Teddy lightly bumped his shoulder, and when Billy looked up, his eyes were warm enough to make his toes curl. I love you, he wanted to say. I love being here with you.
He quickly shoved his straw into his mouth and took a drag of Coke.
“Mom always wanted to spend a day down here when I was little,” Teddy admitted, following Billy as he veered toward the right, leading him back from the boardwalk. The crowd had seriously thinned out now that they were away from Nathan’s and the rides, and Billy’s old, familiar bench was waiting-shaded from the sun by a slotted wood roof, just far enough from the boardwalk to give the illusion of privacy. They sat, turned toward each other on the bench, and began to dig into their lunch. “We’d make plans every summer to go really early in the morning and spend the whole day, but we only made it… Jeez, once, I think.”
Billy took a bite of his corn dog. “Why only once?”
Teddy made a face, picking through the fries. “Single mother, no child support coming in, yadda yadda.” He always said personal stuff like that-like it wasn’t important. Billy glanced up through his lashes, studying Teddy’s face as they ate. He definitely looked tired and, maybe, a little…upset?
Billy swallowed and wiped his fingers on a napkin, casting around for what to say next. Teddy didn’t talk a lot about his family. Billy still didn’t know whether his dad had walked or died. “What does your mom do, anyway?” he asked as casually as possible.

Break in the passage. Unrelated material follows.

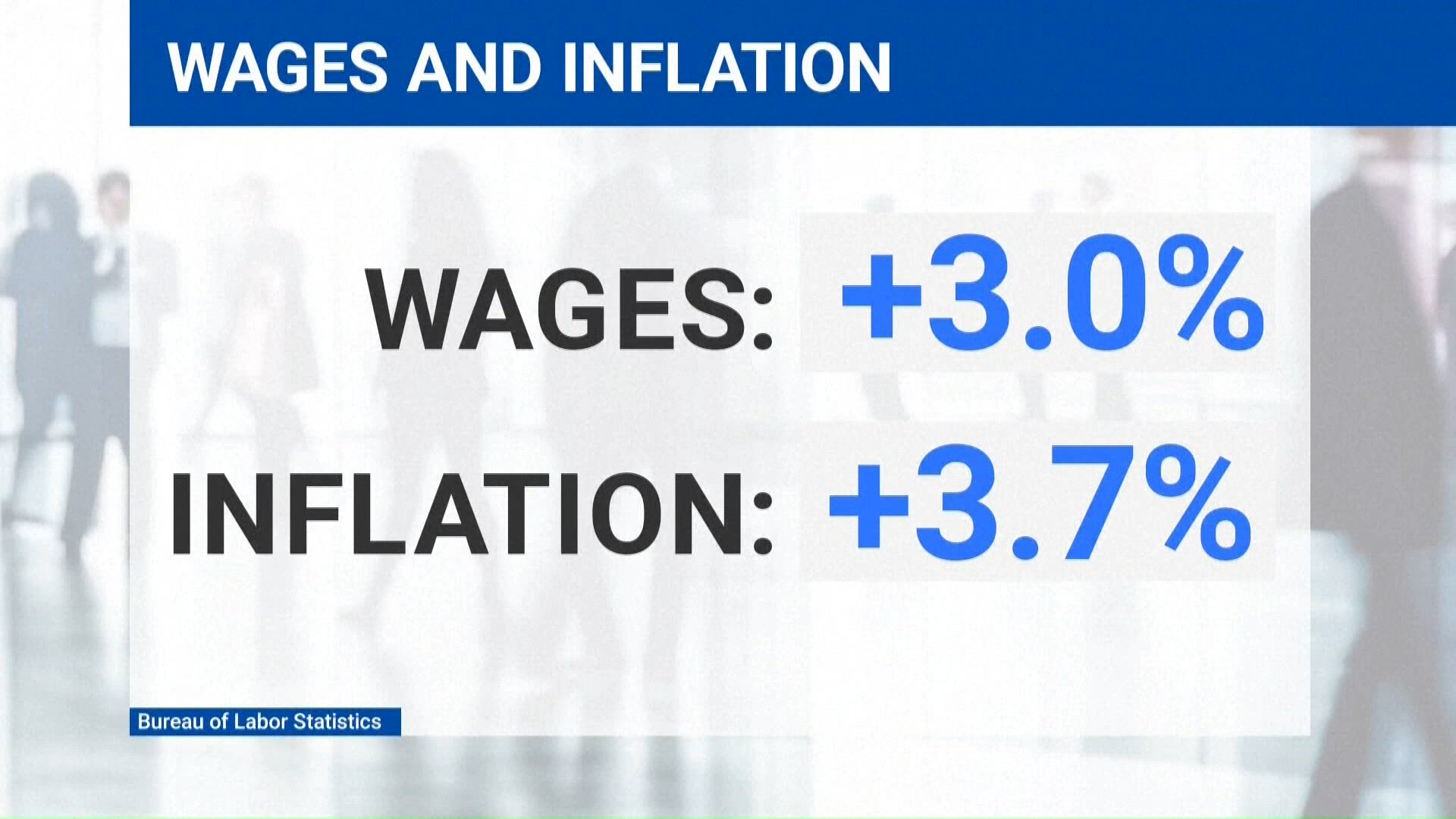 Inflation jumps to 3.7% as rising prices pressure American families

Teddy actually hesitated a moment, then shrugged a shoulder. “She’s a real estate agent. She works day and night in this shitty little office in Dyker Heights, showing people around to apartments at all hours and dealing with asshole landlords. So I guess it’s no shock she never had time to hang with me when I was growing up. Sorry,” he added quickly, making a face. “Wow, cue the sadsack music.”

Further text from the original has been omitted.